# DNM: Raw Feeders Beware: The War Is On



## Huly (Mar 5, 2012)

Raw Dog Food FDA

There’s a war being fought … the war on raw food …

Last week, the Maryland Department of Agriculture issued a stop sale order on Stella and Chewy’s freeze dried chicken patties dog food, which tested positive for Listeria monocytogenes.

Yeah, I agree that listeria and salmonella in dog food can be an issue for us (but not really for our pets) …

Click here for more info about salmonella and pet food recalls.

… but I’ve got a bigger issue with this.

Just A Coincidence?

This recall comes just weeks after the FDA stated they would start cracking down on harmful pathogens in pet foods in the upcoming months …

… in raw foods only.


The FDA says it’s concerned about the growing number of dog and cat owners who have begun feeding raw diets to their pets.

My question is why?

Hypothetically, raw foods would be more prone to bacteria, but the FDA itself is finding that cooked pet foods and treats are equally likely to be affected!

Out of all the dog food recalls in the last year, half of them were cooked or dehydrated foods and treats.

If this is the case, why is the FDA testing only raw foods?

There is zero reason to single out this type of pet food, based on their recalls to date.



So the million dollar question is why are they doing it?

I’d like to think pet owners are smart enough to wash their hands after handling raw foods … and let’s face it, we’ve been handling raw foods to our families for centuries without any real issues (even though grocery store meats are much, much more at risk for salmonella, E. coli and listeria than raw pet foods).

But who would think to wash their hands after handing their dog a Nylabone or dry dog food?

These foods are just as likely to harbor dangerous pathogens according to the FDA’s own testing results, so it seems to me that this would be the higher risk to humans.

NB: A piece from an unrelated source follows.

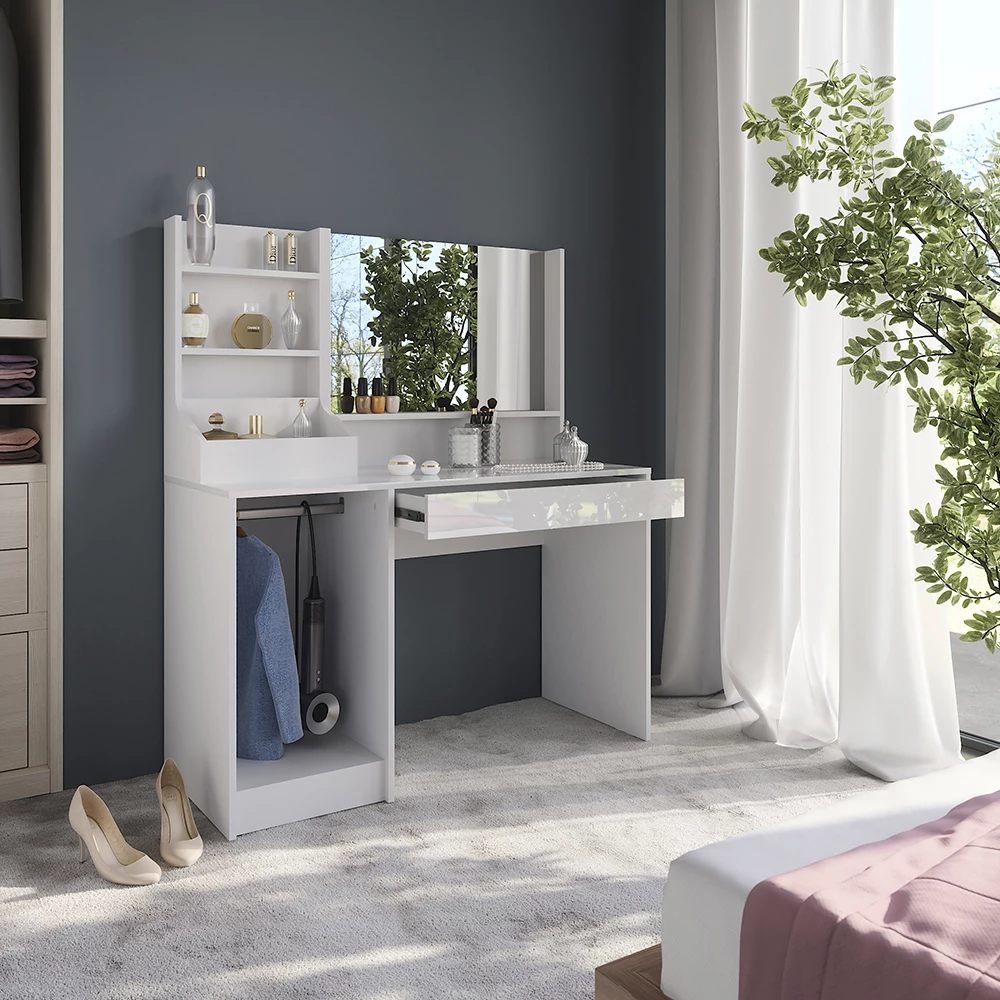 Close-up of Vanity table in White/white high gloss, showing design and surface details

But the FDA is ignoring their own testing results and they’re singling out raw foods.

What’s The Real Risk To Humans?

Recently, we were talking with Aspen Anderson, the Director of Retailer and Consumer Relations for Steve’s Real Foods. Aspen did some digging into the risk of human illness from raw pet foods and why the FDA states:

“The FDA does not believe raw meat foods for animals are consistent with the goal of protecting the public from significant health risks, particularly when such products are brought into the home and/or used to feed domestic pets.”

Her reply?

“Let’s look at the numbers. The CDC reports that in 2009-2010, 23 people were killed by Listeria, Salmonella, and E. Coli combined. To put that in perspective, NBC News reported that in 2013, a record low of 23 people were, wait for it …

… killed by lightning.”

Yep, we’ve got the same chance of being struck by lightening as we do of dying from food borne bacteria (and remember, most of this risk comes from our own food, not our pets’ food)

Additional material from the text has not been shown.